Bitcoin halving will take place in May. The reward for each block is reduced by half. According to the latest news, the event will wave to all the miners who are not using the latest mining equipment. Mining BTC is a lucrative business, but the environmental impact shows that the industry with zeroes and zeros is reaching its limits. Can manufacturers like Bitmain keep up with the network?
Bitcoin halving: Mining equipment does not manage network progress
BTC mining has changed a lot over the last few years. According to PWC’s new research by expert Alex de Vries, 98% of existing facilities will become obsolete and unusable after May 2020. If they continued to be used with the hope of increasing the price of BTC in the future, they would generate a lot of electrical waste.

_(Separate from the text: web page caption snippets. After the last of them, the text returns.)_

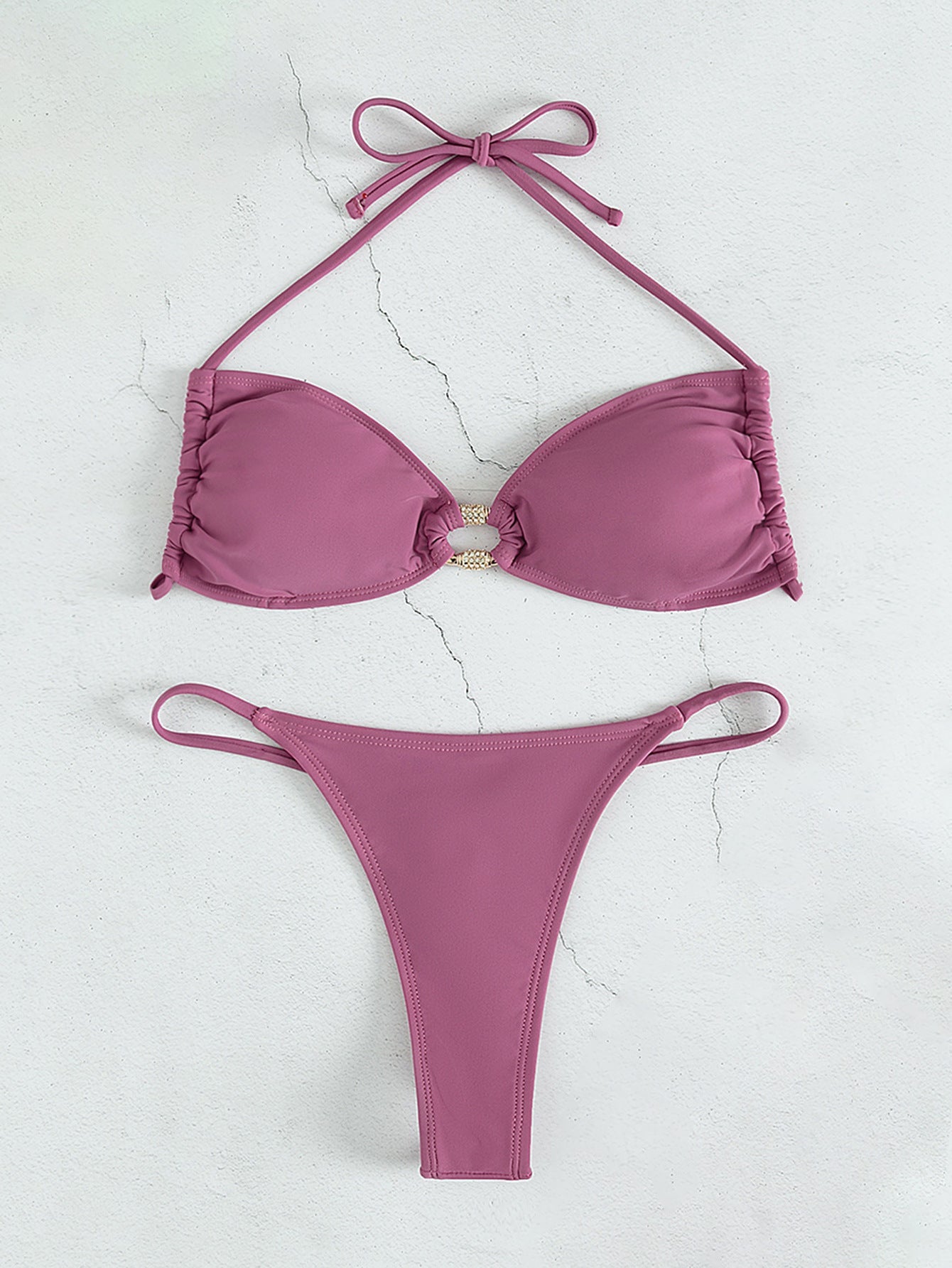 Bikini de playa con tanga y tirantes tipo halter 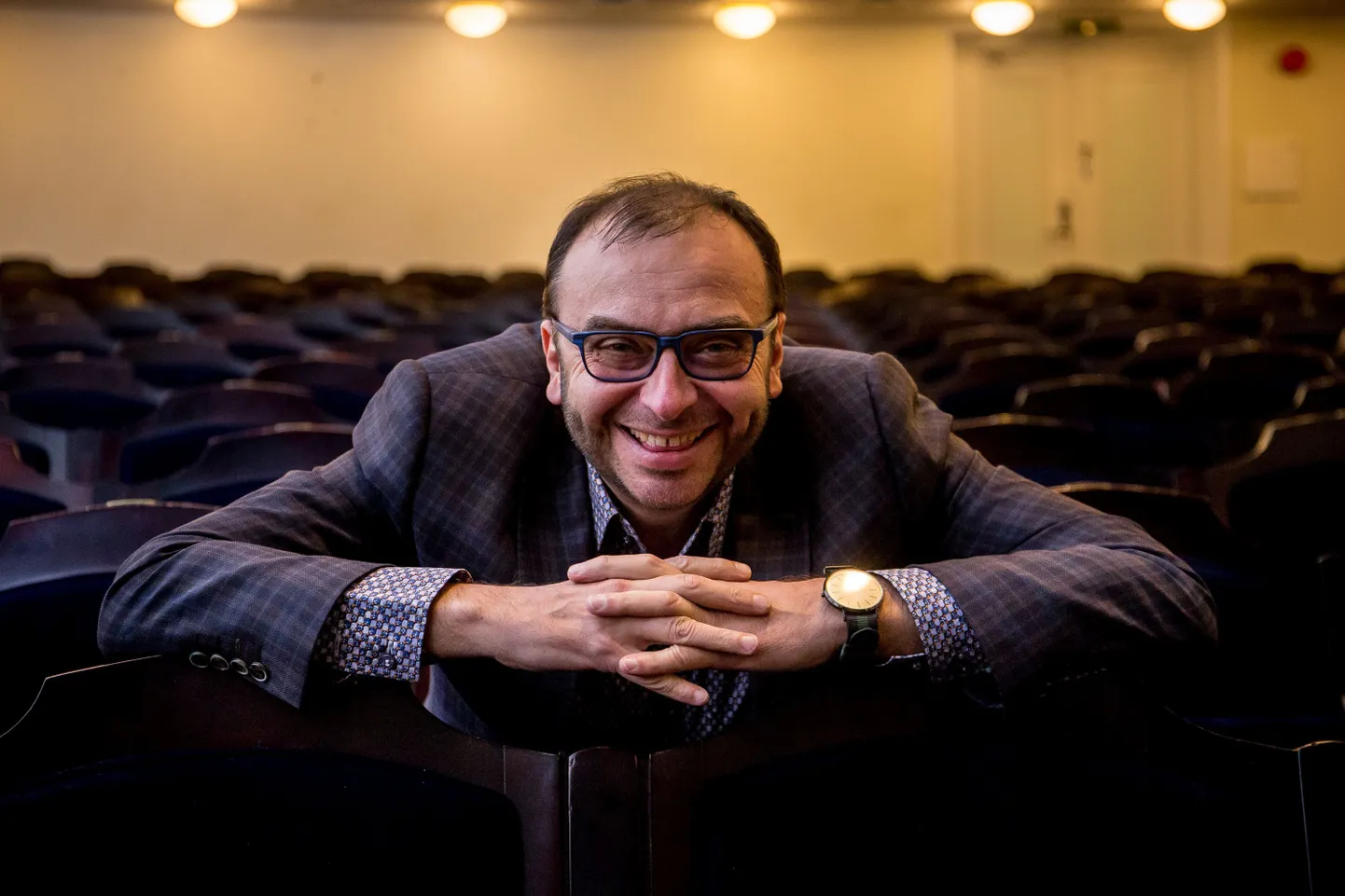 Moskva Helikon Opera lavastaja Dmitri Bertman soovib etenduses anda edasi tunnet Georg Otsa pidevast kohalolekust laval.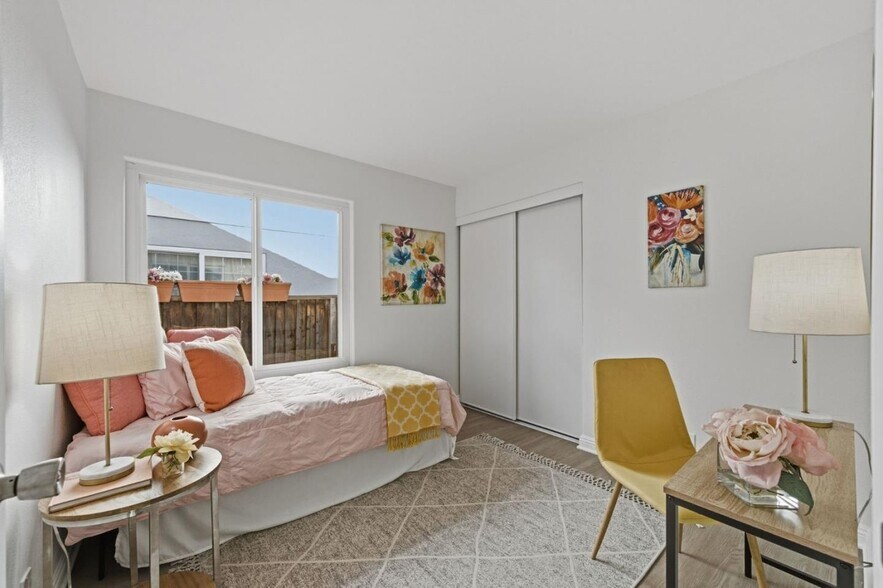 Building Photo - 73 Grandwell Way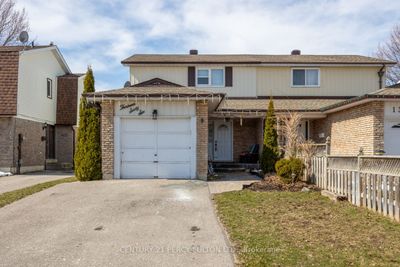 1366 Orlando Crt, Home with 3 bedrooms, 2 bathrooms and 5 parking in Oshawa ON | Image 2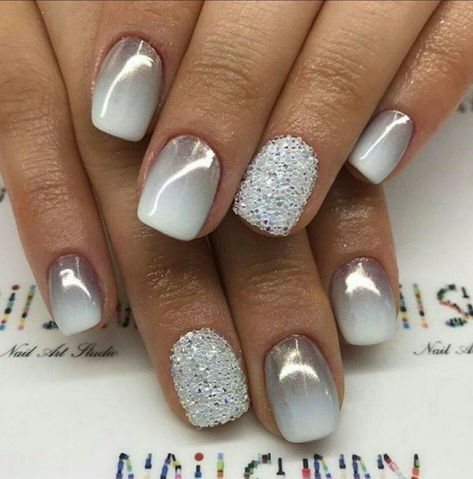 Prom Nail Designs, Silver Nail Designs, Silver Nail Art, Nagellack Trends, Nails Yellow, Silver Nail, Nail Colors Winter, Pretty Nail Designs, Super Nails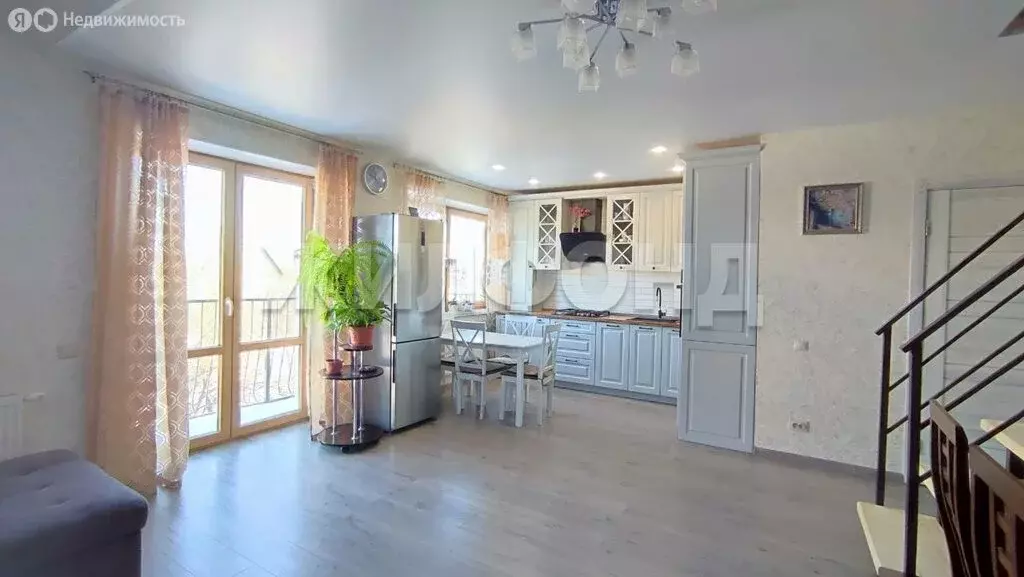 2-комнатная квартира: Пионерский, Донская улица, 6А (73 м) - Фото 2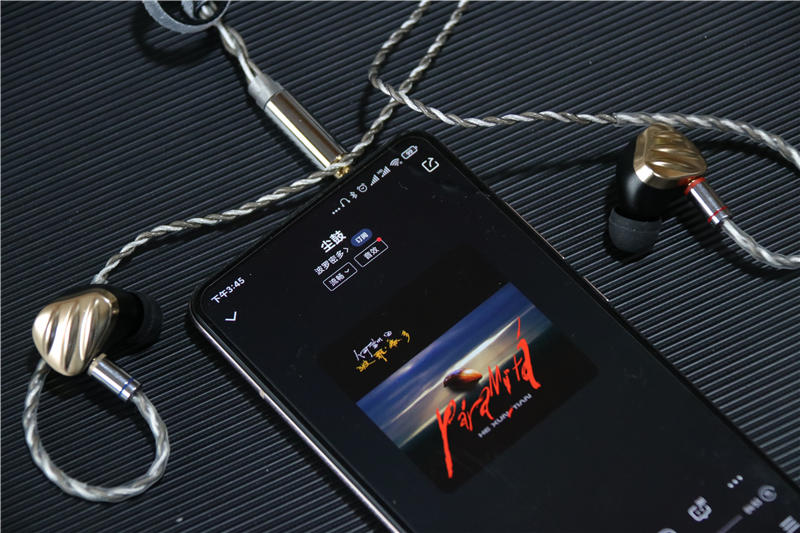 thinkplus双核双动圈hifi耳机,roll百元平价双动圈hifi耳机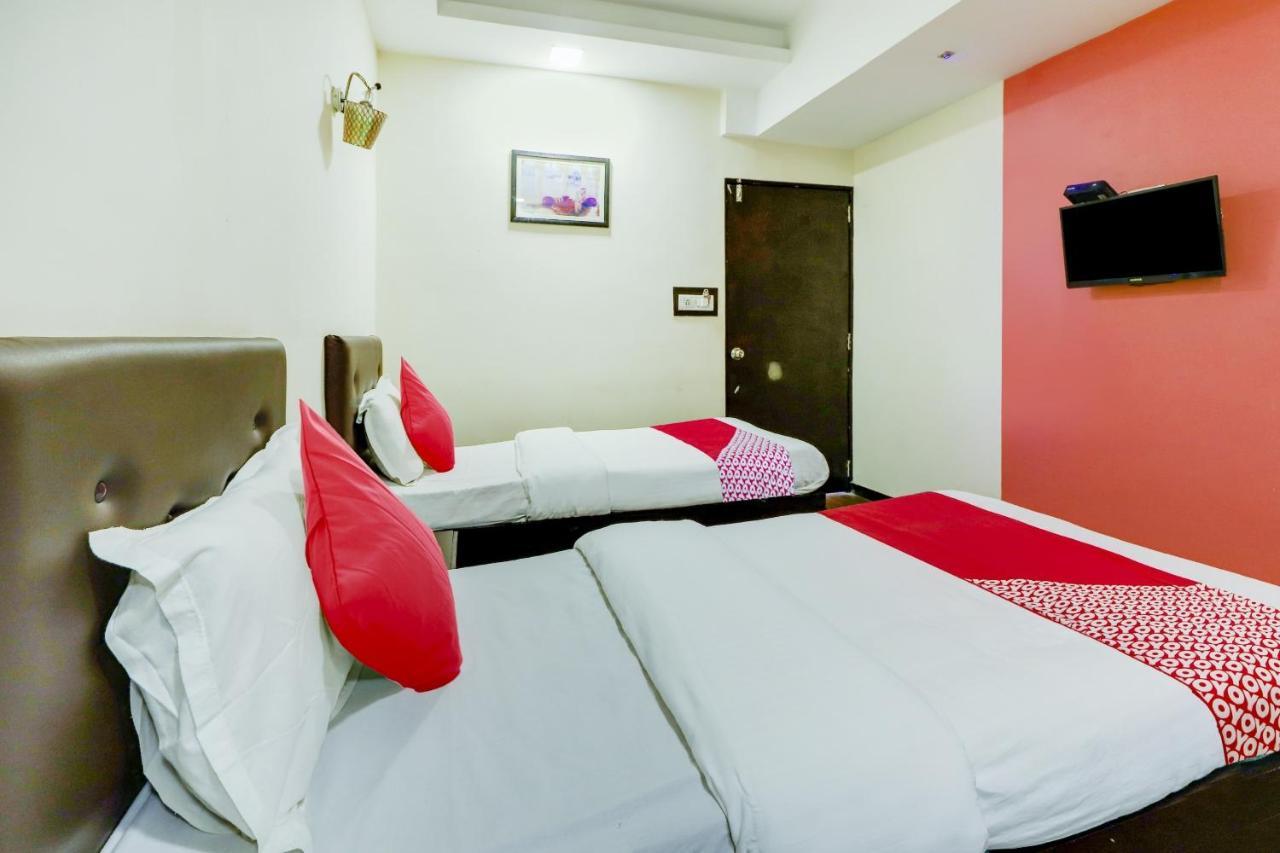 Oyo Hotel Dash Vadodara Exterior foto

This is a phenomenon where electricity is used in a large price / performance ratio. The TradeBlock analyst group has estimated in the past that the price for a cryptocurrency must be fired at $ 15,000 so that mining will still pay off on older devices. If it does not, you need to upgrade your fleet to Antminer S17 + or S19, which Bitmain creates directly for Bitcoin after halving.
The PWC report states:
“The shocking thing is that the average lifespan of a Bitcoin mining facility is one and a half years. This is because new generations come out every now and then. At the same time, it is not possible to maintain the competition without them.”